Yimi stared at her for a long, long moment, unable to speak.

Then, in a very small voice, "You have a really optimistic view of people."

"I like to think everyone should get the chance to prove themselves 'good'," Seo said, with a smile. She clasped her hands behind her back, giving a cheery skip. "Otherwise, the world would be a very depressing place. Oh, and I'd be dead. A lot."

"My people are not..." Yimi began. Then stopped herself.

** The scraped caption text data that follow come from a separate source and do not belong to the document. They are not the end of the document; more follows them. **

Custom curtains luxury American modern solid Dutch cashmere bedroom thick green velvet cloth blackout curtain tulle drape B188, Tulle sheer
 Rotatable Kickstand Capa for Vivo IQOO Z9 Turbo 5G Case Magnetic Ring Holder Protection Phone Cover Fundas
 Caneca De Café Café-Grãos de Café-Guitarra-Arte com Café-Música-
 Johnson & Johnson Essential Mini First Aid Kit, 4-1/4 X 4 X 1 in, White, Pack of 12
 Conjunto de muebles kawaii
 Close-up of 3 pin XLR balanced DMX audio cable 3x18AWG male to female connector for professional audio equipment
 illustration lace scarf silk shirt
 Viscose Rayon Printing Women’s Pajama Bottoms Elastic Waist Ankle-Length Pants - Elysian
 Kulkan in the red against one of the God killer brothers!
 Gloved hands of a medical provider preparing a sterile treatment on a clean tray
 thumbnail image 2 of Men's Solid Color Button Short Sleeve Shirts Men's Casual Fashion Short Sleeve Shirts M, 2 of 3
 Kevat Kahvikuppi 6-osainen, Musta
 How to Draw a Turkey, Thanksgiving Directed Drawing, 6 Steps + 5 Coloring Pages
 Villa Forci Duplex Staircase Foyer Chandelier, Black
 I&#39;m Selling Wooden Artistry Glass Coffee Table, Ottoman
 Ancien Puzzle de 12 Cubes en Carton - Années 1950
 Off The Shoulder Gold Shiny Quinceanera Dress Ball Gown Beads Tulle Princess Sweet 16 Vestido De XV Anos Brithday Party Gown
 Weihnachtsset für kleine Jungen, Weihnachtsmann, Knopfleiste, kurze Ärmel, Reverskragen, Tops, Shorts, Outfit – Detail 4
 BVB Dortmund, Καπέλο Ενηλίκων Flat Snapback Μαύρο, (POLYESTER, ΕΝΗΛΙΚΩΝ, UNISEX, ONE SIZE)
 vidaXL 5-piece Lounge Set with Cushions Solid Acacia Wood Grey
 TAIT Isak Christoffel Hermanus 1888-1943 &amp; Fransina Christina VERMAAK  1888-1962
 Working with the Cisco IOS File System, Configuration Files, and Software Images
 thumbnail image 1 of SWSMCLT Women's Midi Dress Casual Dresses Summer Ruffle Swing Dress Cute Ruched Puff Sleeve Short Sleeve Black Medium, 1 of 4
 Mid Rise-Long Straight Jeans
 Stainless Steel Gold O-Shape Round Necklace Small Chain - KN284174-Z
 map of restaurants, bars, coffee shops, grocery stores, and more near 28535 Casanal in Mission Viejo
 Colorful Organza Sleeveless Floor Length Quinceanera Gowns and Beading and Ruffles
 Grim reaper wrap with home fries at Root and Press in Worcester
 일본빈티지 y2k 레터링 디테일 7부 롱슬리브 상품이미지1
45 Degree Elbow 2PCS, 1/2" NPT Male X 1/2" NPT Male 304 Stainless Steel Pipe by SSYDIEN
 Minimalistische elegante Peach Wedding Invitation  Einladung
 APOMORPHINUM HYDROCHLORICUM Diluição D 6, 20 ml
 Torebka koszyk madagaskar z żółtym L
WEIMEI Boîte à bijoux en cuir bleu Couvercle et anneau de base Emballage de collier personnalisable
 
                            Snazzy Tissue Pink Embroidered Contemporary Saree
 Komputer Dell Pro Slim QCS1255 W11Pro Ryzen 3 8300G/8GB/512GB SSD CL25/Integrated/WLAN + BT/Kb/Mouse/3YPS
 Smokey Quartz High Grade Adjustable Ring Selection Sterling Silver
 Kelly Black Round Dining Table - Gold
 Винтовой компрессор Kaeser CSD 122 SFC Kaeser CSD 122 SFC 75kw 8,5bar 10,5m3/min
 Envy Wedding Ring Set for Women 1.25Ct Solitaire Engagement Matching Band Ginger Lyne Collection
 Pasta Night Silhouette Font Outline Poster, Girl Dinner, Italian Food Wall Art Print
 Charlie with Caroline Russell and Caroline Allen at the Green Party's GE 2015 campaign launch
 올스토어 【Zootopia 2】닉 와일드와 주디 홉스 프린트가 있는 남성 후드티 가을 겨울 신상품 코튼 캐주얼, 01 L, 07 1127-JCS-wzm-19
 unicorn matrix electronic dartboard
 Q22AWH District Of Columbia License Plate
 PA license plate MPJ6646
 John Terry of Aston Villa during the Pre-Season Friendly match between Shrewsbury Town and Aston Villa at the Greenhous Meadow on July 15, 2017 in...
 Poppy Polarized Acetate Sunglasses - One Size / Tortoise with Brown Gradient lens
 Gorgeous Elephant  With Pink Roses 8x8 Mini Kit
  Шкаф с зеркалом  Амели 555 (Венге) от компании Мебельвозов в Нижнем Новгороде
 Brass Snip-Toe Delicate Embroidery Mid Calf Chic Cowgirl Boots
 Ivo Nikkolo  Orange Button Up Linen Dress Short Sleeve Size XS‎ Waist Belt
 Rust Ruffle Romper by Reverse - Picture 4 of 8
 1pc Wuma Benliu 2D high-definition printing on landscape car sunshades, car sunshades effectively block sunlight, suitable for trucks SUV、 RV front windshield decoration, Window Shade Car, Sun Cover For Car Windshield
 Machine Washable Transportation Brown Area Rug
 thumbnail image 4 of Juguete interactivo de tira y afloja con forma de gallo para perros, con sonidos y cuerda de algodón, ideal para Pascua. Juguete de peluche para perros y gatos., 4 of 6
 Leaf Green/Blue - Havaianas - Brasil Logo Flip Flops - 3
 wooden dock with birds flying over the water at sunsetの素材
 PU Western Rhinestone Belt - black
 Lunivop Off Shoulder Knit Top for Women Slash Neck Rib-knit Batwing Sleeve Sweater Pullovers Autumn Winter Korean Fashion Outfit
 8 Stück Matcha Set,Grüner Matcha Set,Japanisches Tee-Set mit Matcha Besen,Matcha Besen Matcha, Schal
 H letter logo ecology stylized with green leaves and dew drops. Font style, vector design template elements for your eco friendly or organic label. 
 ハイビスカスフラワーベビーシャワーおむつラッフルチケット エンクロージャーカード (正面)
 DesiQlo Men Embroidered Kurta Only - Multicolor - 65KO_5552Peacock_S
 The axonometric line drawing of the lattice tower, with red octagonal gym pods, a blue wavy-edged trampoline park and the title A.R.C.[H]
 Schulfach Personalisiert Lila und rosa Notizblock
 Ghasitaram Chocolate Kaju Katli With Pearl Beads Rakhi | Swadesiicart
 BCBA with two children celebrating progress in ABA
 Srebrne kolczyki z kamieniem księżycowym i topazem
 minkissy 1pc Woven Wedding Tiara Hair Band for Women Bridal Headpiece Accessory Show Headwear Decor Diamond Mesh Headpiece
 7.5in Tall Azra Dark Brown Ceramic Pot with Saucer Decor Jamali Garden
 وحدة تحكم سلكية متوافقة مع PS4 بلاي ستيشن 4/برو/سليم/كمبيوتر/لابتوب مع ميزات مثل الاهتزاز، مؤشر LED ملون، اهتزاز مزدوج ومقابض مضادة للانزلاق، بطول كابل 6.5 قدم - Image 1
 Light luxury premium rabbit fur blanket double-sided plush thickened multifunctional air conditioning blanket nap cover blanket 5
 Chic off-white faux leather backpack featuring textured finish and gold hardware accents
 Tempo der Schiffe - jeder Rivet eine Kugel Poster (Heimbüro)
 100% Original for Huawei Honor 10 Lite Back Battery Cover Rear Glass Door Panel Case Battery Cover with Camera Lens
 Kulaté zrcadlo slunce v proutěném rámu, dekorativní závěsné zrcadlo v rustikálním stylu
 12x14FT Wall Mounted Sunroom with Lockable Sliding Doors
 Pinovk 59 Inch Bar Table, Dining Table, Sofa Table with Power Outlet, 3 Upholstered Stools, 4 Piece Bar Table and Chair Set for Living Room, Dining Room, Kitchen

"What? Not good? Sure they are!" Seo insisted. "Away from the influence of that war-TARDIS or whatever it is, they could be brilliant." She clapped her hands. "I mean, you sing to rocks to make them break apart! How neat is that? The best Jenny can do with her voice is break a glass or a sonic lock."

"Jenny?"

"My sister," Seo explained. "She's..." She stopped. Frowned. "Well, I'm not sure where she is, at the moment. Mutajar said she sent Jenny back to the Main Complex. For all I know, she's still there, snooping around and making mischief."

Yimi said nothing — thinking of her own brother. She never realized how much she'd miss him.

"You'll probably wind up meeting her by the end of all this," Seo said, with a dismissive wave of her hand. "Whenever things go pear-shaped and I don't know what to do — she always comes through for me. Best sister ever! Except when I want to punch her. Which is a lot. Don't tell her I said that."

Yimi still said nothing.

At the moment, she thought she might give anything for the chance to see Iporil again and tell him — she was sorry. For everything. He wasn't worthless, like she'd said.

Seo noticed Yimi's expression, and put a hand on her arm. "Hey."

Yimi looked up. Seo's face was like the gentle sun, peeking out from behind the clouds.

"It's going to be okay," Seo said. "You and me — we're going to make everything okay."